The U.S. Court of Appeals for the Second Circuit voted 2-to-1 this week to throw out a conviction against a drug salesman for promoting a drug for off-label use. The court stated that the salesman’s freedom of speech had been violated. Legal experts say the government will most likely ask for a rehearing before taking the case to the U.S. Supreme Court.
The court’s decision is considered a victory for drug companies, which have faced lawsuits and heavy fines in the past for off-label marketing. In July, GlaxoSmithKline paid $3 billion in fines in part for promoting antidepressants for unapproved uses, and in August, Johnson & Johnson paid $181 million to settle a consumer fraud case linked to marketing of its antipsychotic drug Risperdal.
Victory for Drug Companies
The salesman, Alfred Caronia, was working for Orphan Medical when he was caught on tape promoting a narcolepsy drug known as Xyren as a treatment for insomnia. Under the Food, Drug and Cosmetic Act, the Food and Drug Administration (FDA) has the authority to approve drugs for certain uses. While doctors may prescribe a drug for any use, it is illegal for pharmaceutical companies to promote them for uses other than those that are FDA-approved. Caronia was investigated in 2005 and convicted in 2008. Shortly after, he appealed his conviction.
John R. Fleder, a lawyer who represented the FDA while working at the Justice Department, told The New York Times that this ruling could make it more difficult for the government to prosecute drug companies. According to Fleder, “this decision hits at the heart of the government’s theory” that it is illegal for drug companies or their employees to market a drug or device for off-label use.

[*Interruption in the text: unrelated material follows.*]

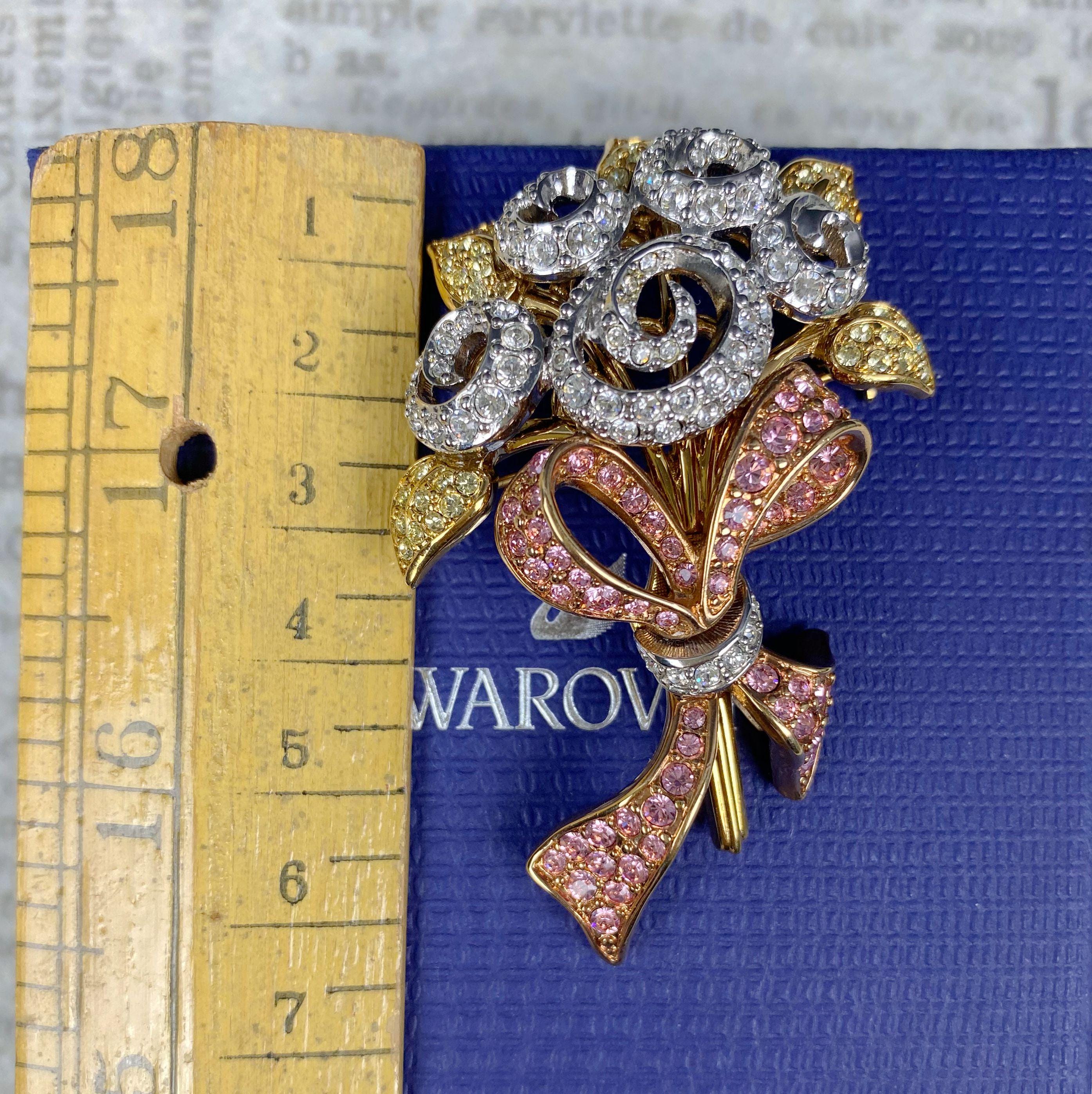 N0987 Vintage Swarovski 1998 Crystal Flower Bouquet Brooch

Judge Debra Ann Livingston, who disagreed with the majority, argued that if these companies “were allowed to promote FDA-approved drugs for nonapproved uses, they would have little incentive to seek FDA approval.”
Because the ruling in the Caronia case only applies to the Second Circuit, which includes New York, Connecticut and Vermont, it is not expected to affect pharmaceutical companies because they market their drugs nationally. However, former FDA chief counsel Gerald Masoudi said the ruling made a distinction between truthful discussion of off-label uses of drugs, many of which are considered legitimate by the medical community, and those that are misleading or false.
In the wake of the court’s decision, the FDA will proceed more cautiously when prosecuting similar cases, including putting some on hold until this case is settled.
Off-Label Accusations and Settlements
Over the years, a number of companies have been accused of off-label marketing. Drug giant Pfizer has been in and out of lawsuits for promoting its drugs for off-label uses. In January 2004, the New York-based company pleaded guilty to two counts of marketing its epilepsy seizure drug Neurontin for unapproved uses and paid $430 million in fines. In 2009, it paid $1.19 billion for committing the same crime. More than 1,000 lawsuits were filed after misleading marketing of Neurontin allegedly led to multiple suicides.
Medical device manufacturer Medtronic was recently the subject of an investigation for off-label marketing of its synthetic bone graft, INFUSE. It was accused of promoting INFUSE for off-label uses and spinal procedures, many of which have resulted in product liability claims and lawsuits against the company.